The 20 paintings that make up her exhibition "The Volcano Series" are mostly based on aerial photographs, many of which Burko took herself on expeditions to Costa Rica, Hawaii and Italy. The resulting translations of the photographic instant into paint allow Burko to apply her grab bag of brushwork effects. In her rendering of one hallmark of the volcanic landscape--the steam cloud--Burko applies a subtle vortex of translucent, purplish-white strokes that hover, swirl, obfuscate, and then seem to dissipate. Elsewhere, searing reds, oranges and yellows make the oil paint seem to have been heated to thousands of degrees. But it's not all fire and brimstone. In paintings like Volcan Poas 2 (1998) the scene is disconcertingly placid. The painting depicts a calm, cerulean blue crater lake, ringed by craggy rock that flickers from lavender to cream, ocher to gray. In the immediate foreground, a plume of steam seeps from an unseen crevice. It is barely there, a fugitive, ghostly portent of the chaotic forces churning below.

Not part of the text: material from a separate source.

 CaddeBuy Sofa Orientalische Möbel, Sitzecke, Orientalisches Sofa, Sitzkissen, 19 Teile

Given Burko's predilection for attending to the patterning of natural surfaces, the subject of abstraction eventually crops up in most discourses on her work. If there is abstraction on view here, credit the lava and rocks, but commend Burko for her ability to not let it go unnoticed. Her volcano paintings seem to crystallize her method of effectively sampling nature's readymade abstraction as one way of directing our gaze to the essence of her subject. When she crops a view of lava cascading over a cliff, it becomes formal and splashy at the same time, leaning more toward Morris Louis or Pat Steir than a flaming Niagara Falls. In Halema'uma'u crater #3 (2000), skeins of oozing lava form a marbleized lake of reds and violets that seem to prove that Mother Nature is a Pollock fan after all.

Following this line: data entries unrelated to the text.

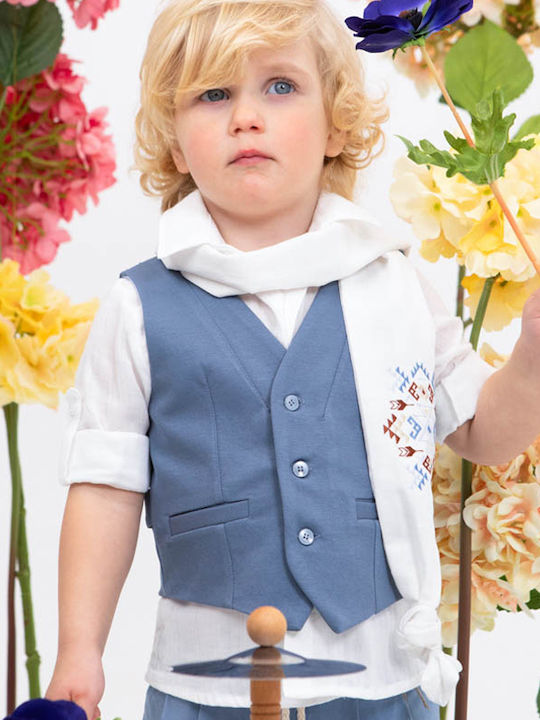 Bambolino Baptism Suit with Vest for Boy Multicolour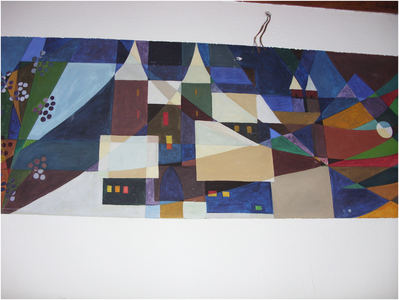 221275 Serie van 24 foto's. Kanaaldijk N.O., Muurschildering van L. Schutte, gemaakt in 1964, op de muur van gebouw ...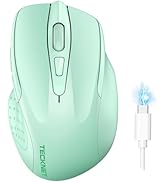TECKNET Wireless Mouse (BT5.0/3.0 & 2.4G) Rechargeable 4800 DPI Silent Mouse 8 Buttons Bluetooth ...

Burko excels at conveying a landscape's natural color variations. A standout example here is a group of three modest paintings that depict aerial views of Vesuvius. Burko has rendered the volcano's cone from three vantage points, faithfully monitoring the tonal shifts of the ashen slope at different angles of light; her subtly analytical approach is reminiscent of Monet's haystacks or views of the Rouen Cathedral. These terse, forlorn views are at turns seductive, mysterious and sinister.

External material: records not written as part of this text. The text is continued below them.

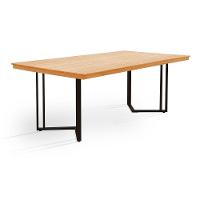 Mesa Michigan 180cm Estilo Contemporâneo Com Pés De Madeira Imbuia Base Preta - 4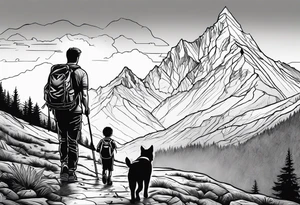 nature, sunset, mountains, a father and son hiking with their dog and cat and a cross tattoo idea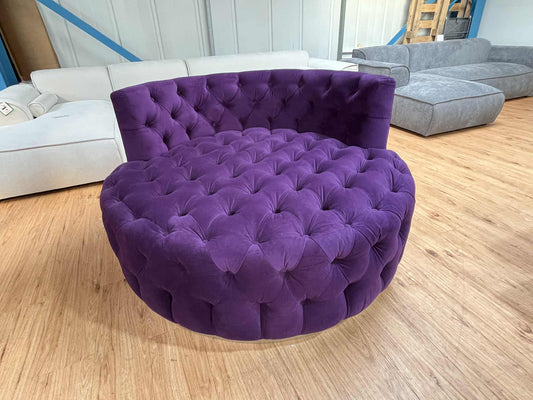 Downey Purple Velvet Barrel Chair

By distancing herself from her subject and forcing us to peer down with her at the stark surfaces below, Burko seizes on a perceptual device that enables us to see the volcano in all its simmering, congealing magnificence. There is something poetic about making art out of nature's own act of creation, and Burko unironically allows us to access feelings of awe in contemplating the earth turning itself inside out.